Humans and chimpanzees are closely related species, but is it possible to cross them, such as crossing dogs and wolves? Professor Ilya Ivanov asked himself this question in the late 1920s. While in Africa, he conducted a number of experiments on this kind of crossing, introducing human sperm into the organisms of female chimpanzees.
Ivanov did not achieve any results confirming that crossing is still possible — female chimpanzees did not get pregnant. However, the professor did not give up — he planned to continue his experiments at the Sukhumi Zoo and even found several women who were ready to serve science by inseminating themselves with monkey sperm. But Ilya Ivanov was arrested in 1930, and in 1932 he died, as a result of which the experiments were interrupted.
Chimpanzees, after eating figs or beans, fart so loudly and often that researchers find them in the forest by their sounds and smell.
The bonobo chimpanzee is the closest living animal species to humans. The genome of humans and bonobos coincides by 93.6%.
The skull bones of human and chimpanzee species are structurally similar, although chimpanzees exhibit more rapid jaw growth compared to humans, who experience greater brain development.
The human genetic code has been completely sequenced or, in other words, read. Recently, scientists have deciphered the DNA of chimpanzees in the same way. Now researchers can accurately talk about the similarity of the two species.
The chimpanzee is indeed the closest to humans, if we talk about the genetic line. Scientists have calculated that the total genome is on average 94 percent. Sometimes this kinship rate reaches 98 percent.
At the same time, men and women differ more in their genetic code than male chimpanzees and men. That is, the structure of DNA in men is more similar to the structure of chimpanzee DNA than the DNA of an individual of their own species. In some cases, representatives of the human species have differences that further bring their DNA closer to the primate code.
Scientists from Harvard University has concluded in a series of experiments that chimpanzees can be taught to cook raw food, NBC News reports. At the same time, primates, like humans, are able to postpone the satisfaction of hunger until the food is cooked.
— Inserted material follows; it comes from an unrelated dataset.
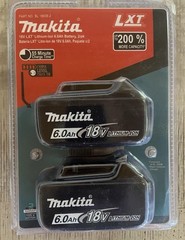 2-Pack Makita BL1860B-2 18V LXT Lithium-Ion 6.0Ah Battery New USA Ship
The study was conducted in the Republic of the Congo, where biologists offered chimpanzees to taste sweet potato fruits in raw and boiled form. It turned out that monkeys prefer cooked vegetables. After that, the scientists showed the primates two devices. With the help of one of the bottoms, they could cook sweet potatoes, and the second left it raw.
The chimpanzees quickly realized how both devices worked and began to cook their own food. The same thing happened in experiments using raw carrots. Scientists note that monkeys did not learn to use fire during their development. However, if they are provided with a heat source, they are quite capable of mastering cooking.
Another important discovery of scientists was that chimpanzees are able to postpone the satisfaction of hunger and wait until the food is cooked. This conclusion is based on the fact that monkeys preferred to cook food even when they realized that it took more time than if they ate it raw.
The authors of the study believe that the results of the experiment are important for understanding how human cognitive abilities developed during evolution. So, scientists concluded that if monkeys can learn to cook, then Australopithecines were even more able to do it. In addition, they suggest that it was boiled food, which is easier to digest, that contributed to the development of the large hemispheres of the brain in our ancestors.